Description of the task: Copy, please, the line with "Boys are Boys Chapter 23 - page 1" and each line that follows it through the end of the data below, exactly as given and without pictures.

-*-

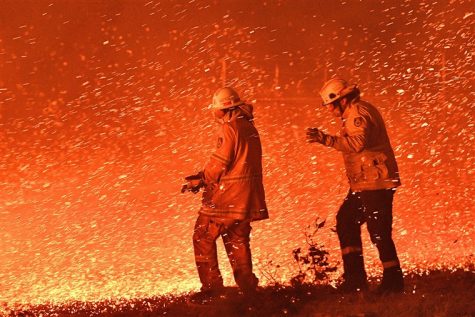 Australian Wildfires
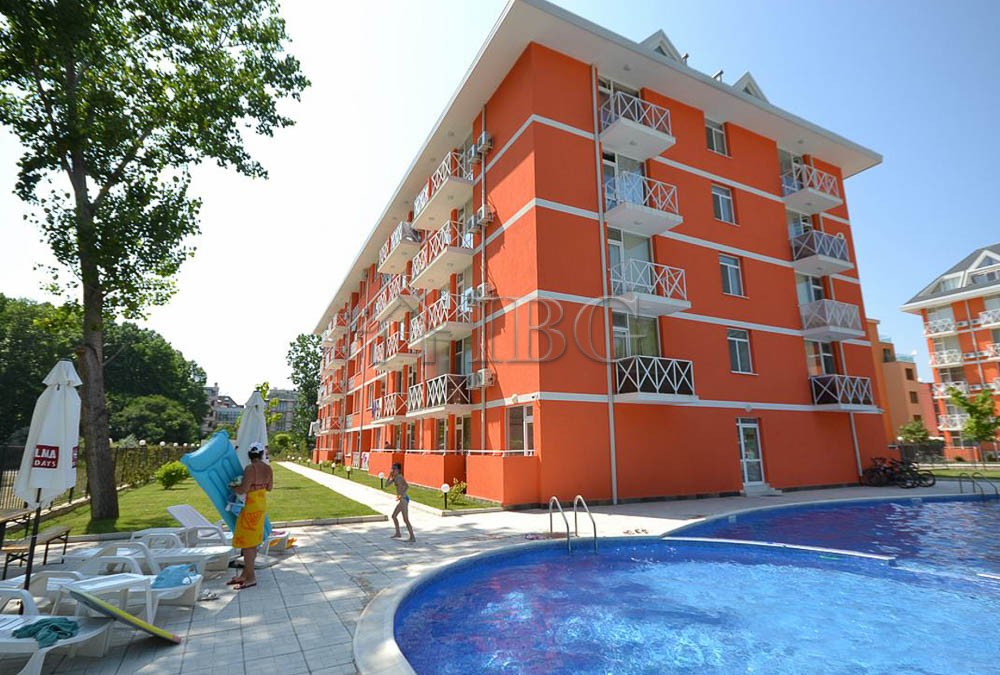 1 Bath, ApartmentFor Sale, Gerber Residence 3, Sunny Beach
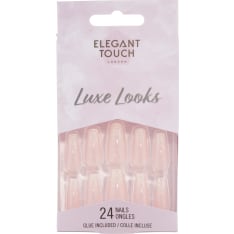 Elegant Touch Luxe Looks Sugar Cookie -tekokynnet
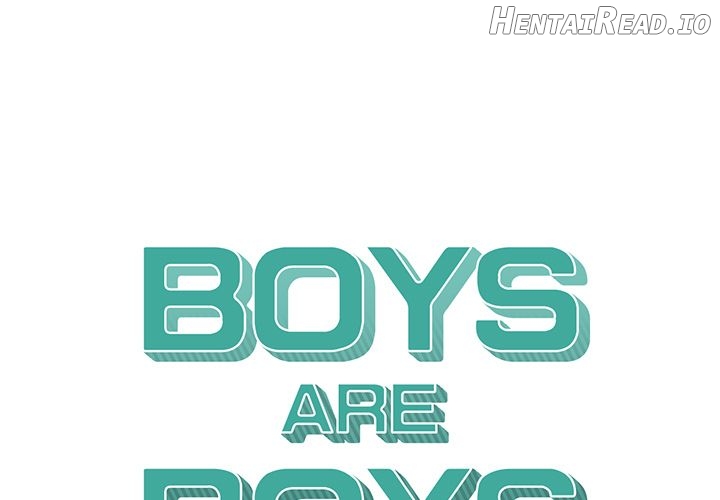 Boys are Boys Chapter 23 - page 1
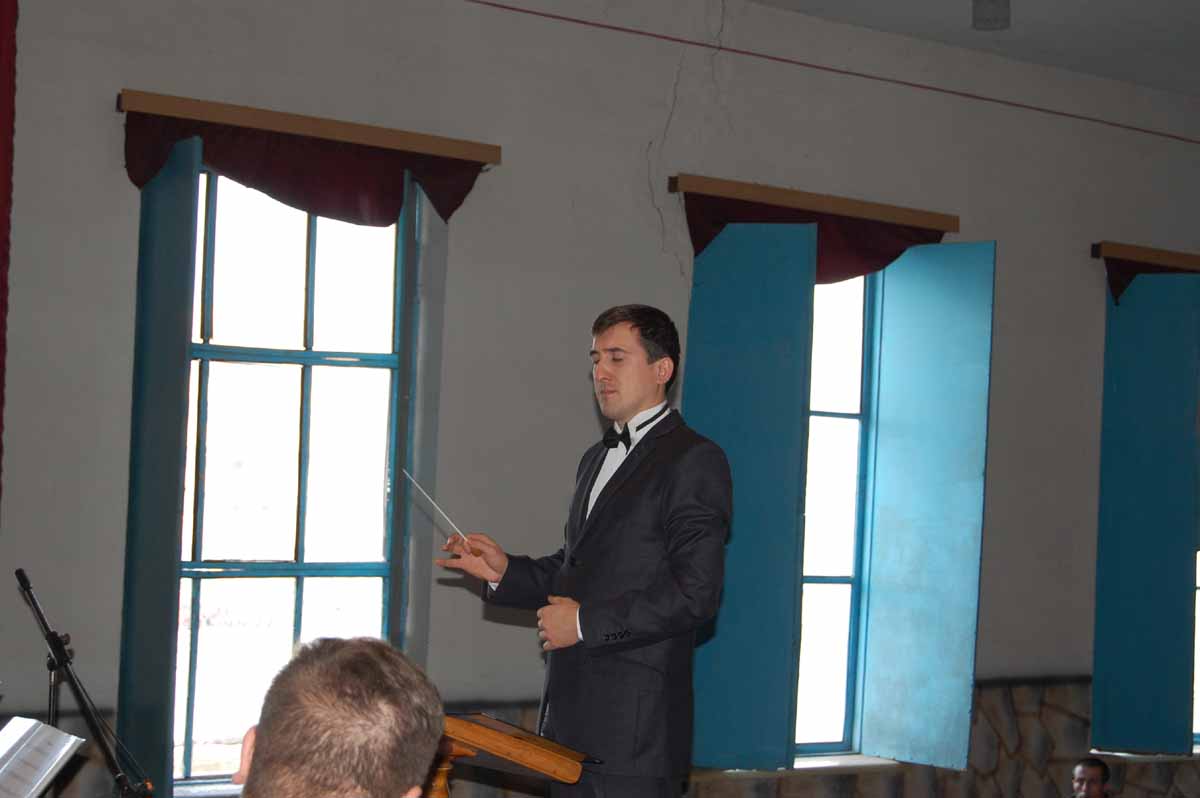 Адвентистський духовий оркестр відзначив свою десяту річницю концертом у виправній колонії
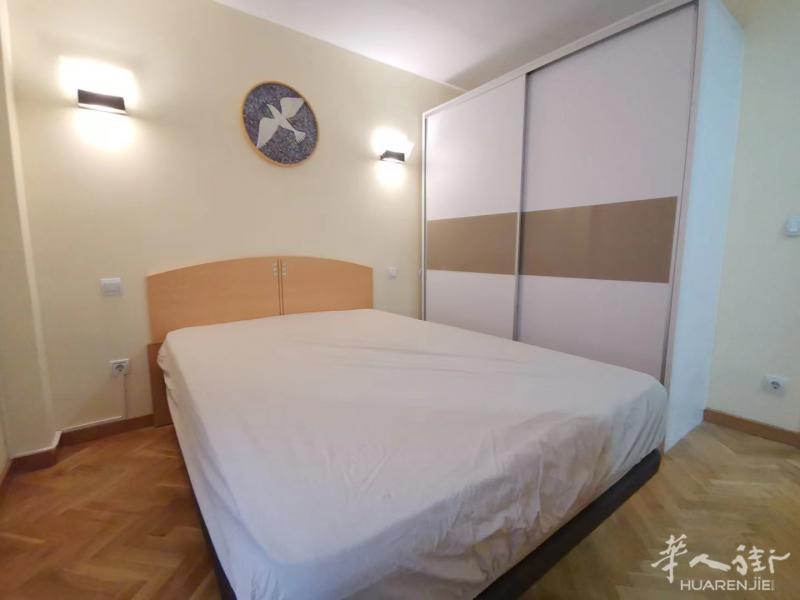 getafe4室1厅整租650包物业水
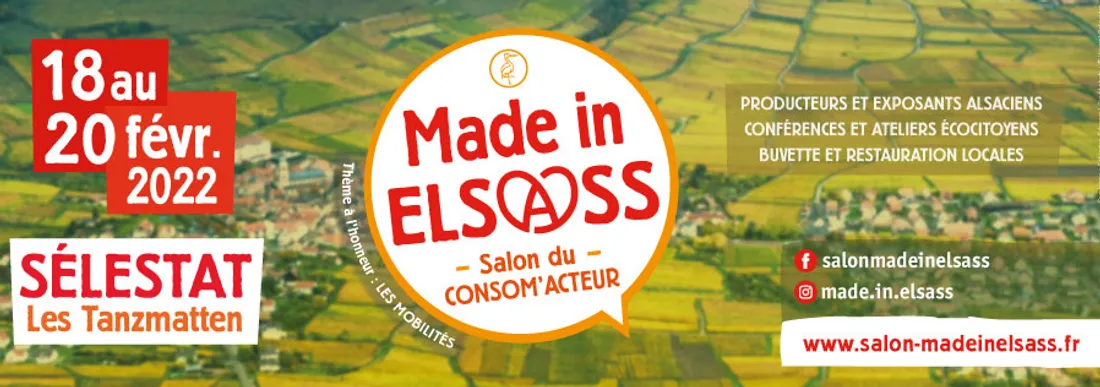 salon made in elsass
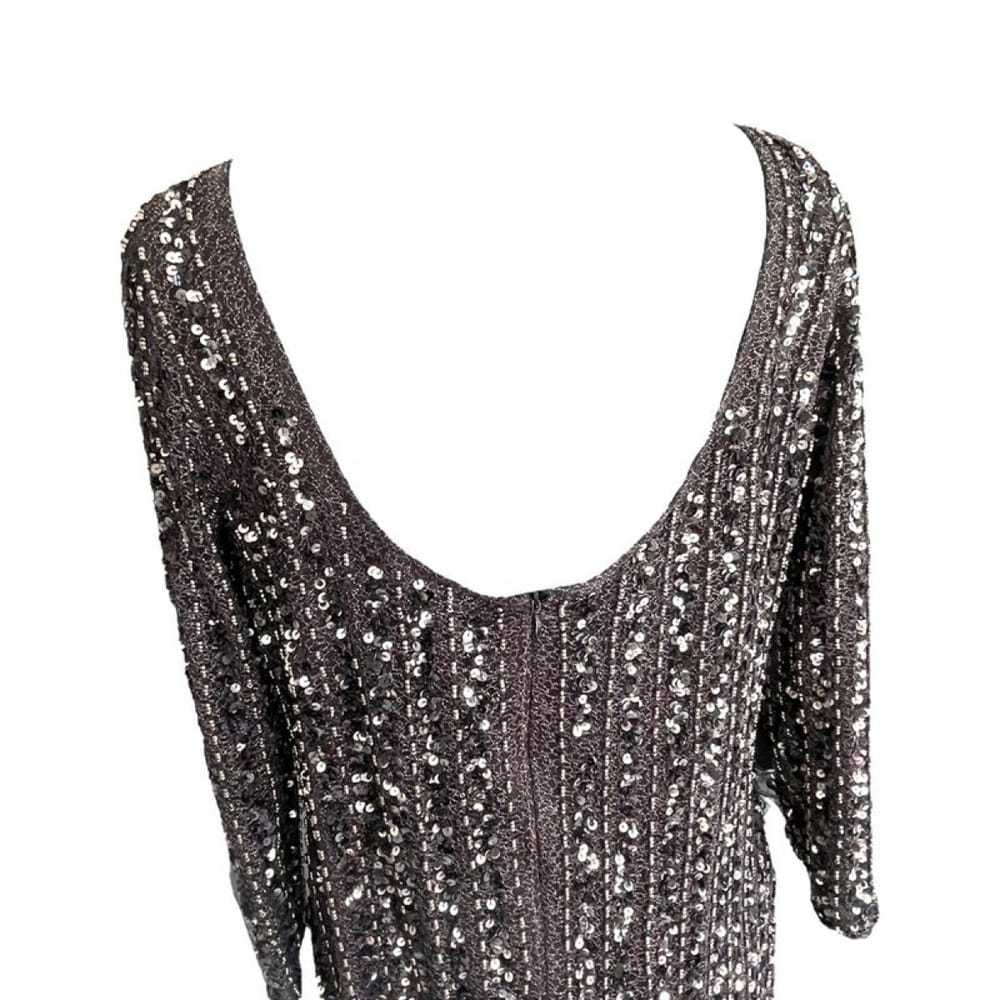 Aidan Mattox Glitter dress - image 5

-*-

Output below:
 Boys are Boys Chapter 23 - page 1
 Адвентистський духовий оркестр відзначив свою десяту річницю концертом у виправній колонії
 getafe4室1厅整租650包物业水
 salon made in elsass
 Aidan Mattox Glitter dress - image 5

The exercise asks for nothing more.